» EXERCISE REQUIREMENTS
Restate each line below word for word, skipping every picture.

» SUPPLIED INFORMATION
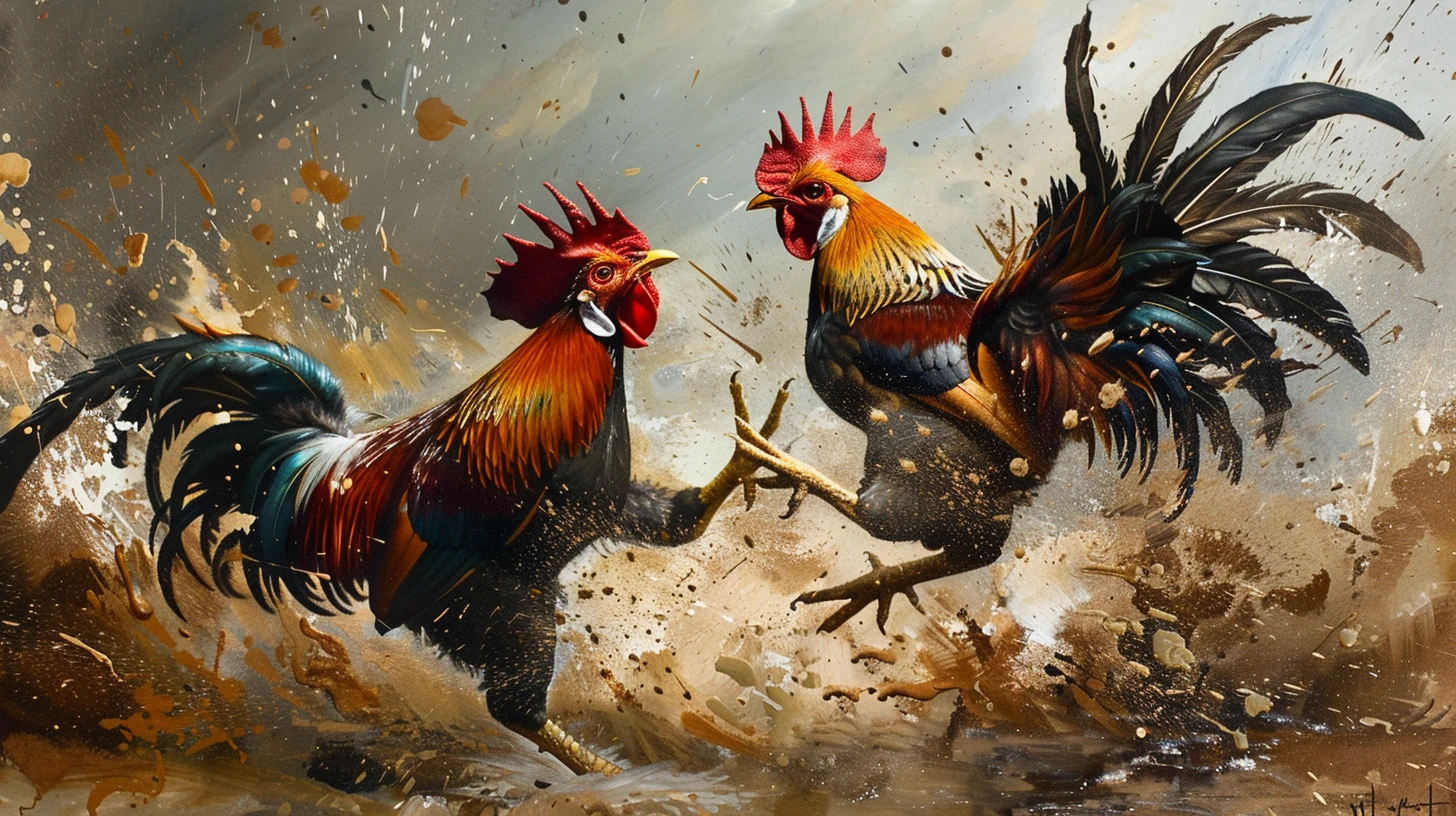 Khám Phá Thế Giới Casino Dubai: Cơ Hội Và Lợi Ích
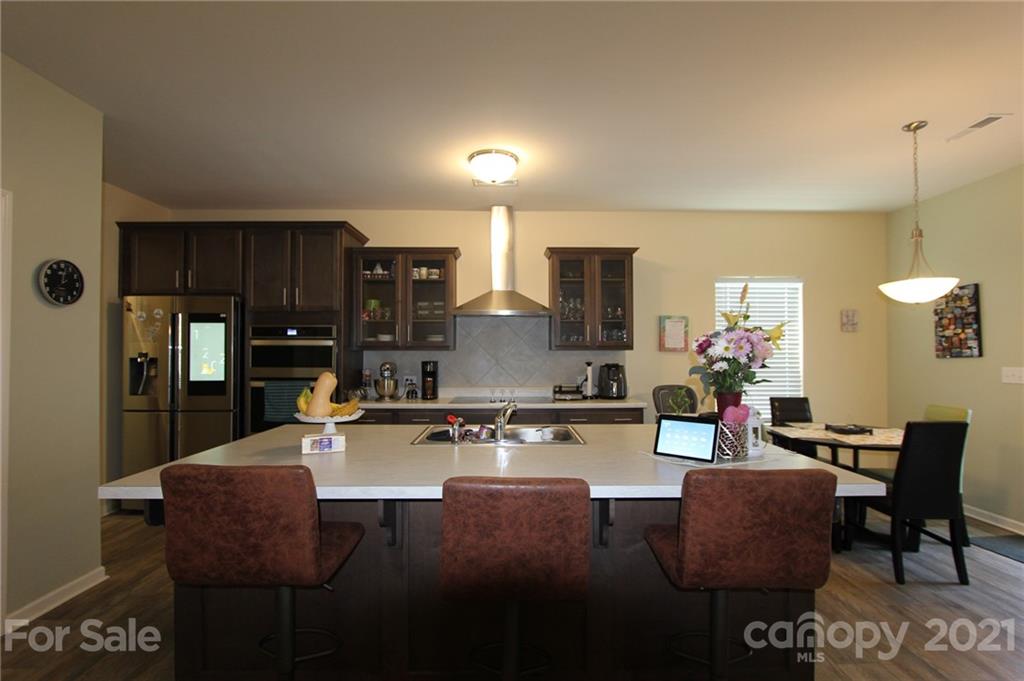 3078 Riker Street, Unit 59 Clover, SC 29710 - Photo 10 of 27 Gallery Image 10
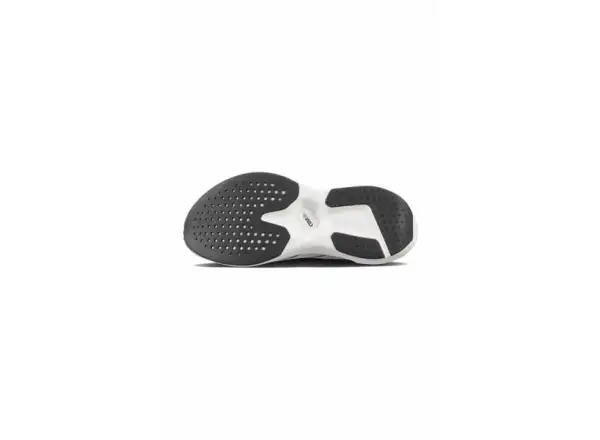 Craft Nordlite Tempo Damen Laufschuhe Weiß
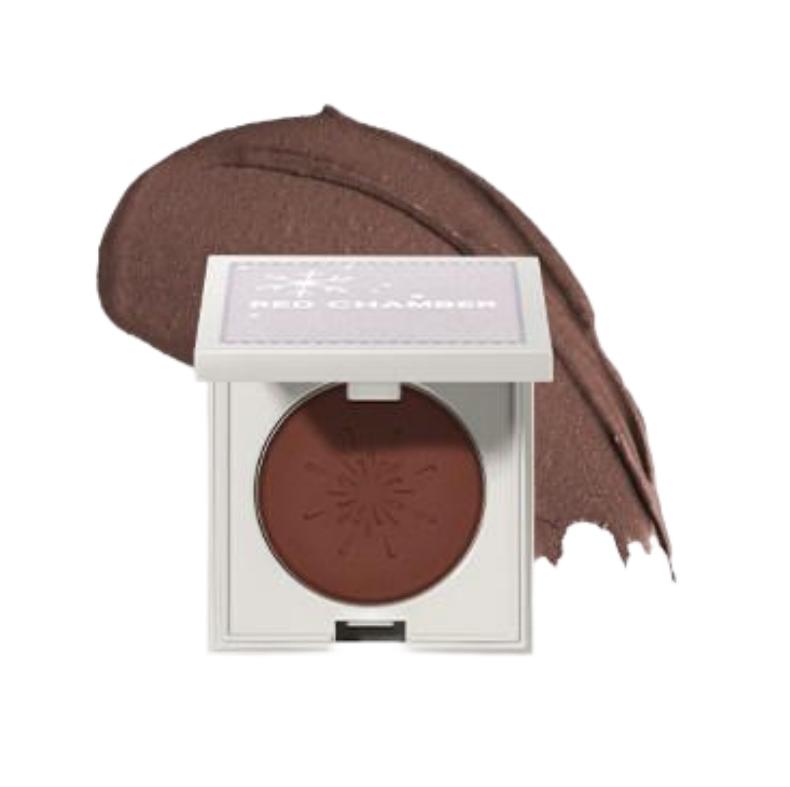 Red Chamber Whitenin Multi-Purpose Cream #ShiCong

» RESPONSE BELOW
 Khám Phá Thế Giới Casino Dubai: Cơ Hội Và Lợi Ích
 3078 Riker Street, Unit 59 Clover, SC 29710 - Photo 10 of 27 Gallery Image 10
 Craft Nordlite Tempo Damen Laufschuhe Weiß
 Red Chamber Whitenin Multi-Purpose Cream #ShiCong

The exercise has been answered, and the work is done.